Glen Pitre in the Southern Quote
Glen Pitre was born at Cut Off, Louisiana on the 10th of November, 1955. He worked his way through Harvard by fishing shrimp during the summer and saving for the next year’s education. His goal, to make films that told the story of his people, the Louisiana Cajun. By the age of twenty-five, Glen had been named “Father of the Cajun Film” for his low budget, French-dialect authentic dramas that routinely broke records in cinemas across the bayou. Then, in 1986, with the help of the Sundance Institute, he released what would become an internationally lauded film by the name of Belizaire the Cajun that told the story of 19th century South Louisiana.

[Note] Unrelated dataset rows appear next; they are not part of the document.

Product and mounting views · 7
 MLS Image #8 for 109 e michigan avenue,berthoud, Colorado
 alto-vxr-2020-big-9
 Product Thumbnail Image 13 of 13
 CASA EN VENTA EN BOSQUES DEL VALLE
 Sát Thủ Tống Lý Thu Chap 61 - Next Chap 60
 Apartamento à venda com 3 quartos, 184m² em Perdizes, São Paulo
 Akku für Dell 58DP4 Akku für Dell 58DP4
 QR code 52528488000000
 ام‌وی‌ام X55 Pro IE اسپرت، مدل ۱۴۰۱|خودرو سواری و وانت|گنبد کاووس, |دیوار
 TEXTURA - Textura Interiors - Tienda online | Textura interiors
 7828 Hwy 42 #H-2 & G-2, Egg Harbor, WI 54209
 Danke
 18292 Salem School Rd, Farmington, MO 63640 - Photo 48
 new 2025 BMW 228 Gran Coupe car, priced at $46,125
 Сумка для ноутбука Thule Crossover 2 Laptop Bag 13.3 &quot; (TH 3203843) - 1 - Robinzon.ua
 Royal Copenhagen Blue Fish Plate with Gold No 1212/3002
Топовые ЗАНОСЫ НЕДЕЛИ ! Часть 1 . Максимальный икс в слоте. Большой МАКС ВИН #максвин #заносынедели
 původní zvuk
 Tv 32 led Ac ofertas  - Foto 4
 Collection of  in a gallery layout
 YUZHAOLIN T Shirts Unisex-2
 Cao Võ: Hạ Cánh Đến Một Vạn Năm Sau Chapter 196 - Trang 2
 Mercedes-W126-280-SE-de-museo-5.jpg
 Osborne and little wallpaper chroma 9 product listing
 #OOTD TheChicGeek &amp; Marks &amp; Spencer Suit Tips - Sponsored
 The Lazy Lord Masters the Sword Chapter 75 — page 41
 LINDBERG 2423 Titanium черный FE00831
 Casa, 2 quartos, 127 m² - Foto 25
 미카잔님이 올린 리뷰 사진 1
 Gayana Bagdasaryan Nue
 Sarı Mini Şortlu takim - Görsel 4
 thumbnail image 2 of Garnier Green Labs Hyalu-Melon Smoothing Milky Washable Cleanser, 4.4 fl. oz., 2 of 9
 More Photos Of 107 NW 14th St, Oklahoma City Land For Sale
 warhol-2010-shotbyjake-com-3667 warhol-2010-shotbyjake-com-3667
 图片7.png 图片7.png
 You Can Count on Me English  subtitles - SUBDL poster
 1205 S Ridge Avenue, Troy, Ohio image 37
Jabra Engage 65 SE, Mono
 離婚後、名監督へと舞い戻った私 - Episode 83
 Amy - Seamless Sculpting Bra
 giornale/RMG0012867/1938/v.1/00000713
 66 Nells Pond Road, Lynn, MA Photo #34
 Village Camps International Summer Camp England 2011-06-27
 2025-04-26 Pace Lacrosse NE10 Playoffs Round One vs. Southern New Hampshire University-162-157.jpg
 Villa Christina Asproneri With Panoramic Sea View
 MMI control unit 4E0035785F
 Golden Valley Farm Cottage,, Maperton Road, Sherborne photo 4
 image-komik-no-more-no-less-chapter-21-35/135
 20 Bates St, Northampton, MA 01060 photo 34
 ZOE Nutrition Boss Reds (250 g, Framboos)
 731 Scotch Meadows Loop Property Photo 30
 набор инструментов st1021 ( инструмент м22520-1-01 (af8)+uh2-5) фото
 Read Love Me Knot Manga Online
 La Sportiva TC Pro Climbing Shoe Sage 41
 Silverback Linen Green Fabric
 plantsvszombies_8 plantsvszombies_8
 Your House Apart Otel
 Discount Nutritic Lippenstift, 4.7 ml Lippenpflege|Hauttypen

Glen Pitre has since worked in a variety of media, and earned a host of grants and awards, not the least of which was a knighthood from France.
This past spring, Pitre joined another award-winning independent filmmaker by the name of Benh Zeitlin, creator of Beasts of the Southern Wild, to host a discussion at Louisiana State Universtiy on their own works as well as the coastal erosion of Louisiana and the communities whose traditional ways of life are threatened by our disappearing wetlands.
In today’s Southern Quote we hear this Harvard-educated filmmaker who left Cajun country, only to return, speak to a way of life that produces strong bonds with both family and land. When asked about the story of Vacherie, La., a small Cajun town on the banks of the Mississippi River that owns the distinction of being the most rooted town in the most rooted state in the country, whose folks tend to stick close to home–and to mama, Glen Pitre said, “It is easy to pick up and move when the culture you know is all McDonald’s. But if you grow up the way I did in Louisiana, you don’t in your travels find anything like it. Some of it is the cuisine, but mostly it is a mind-set.”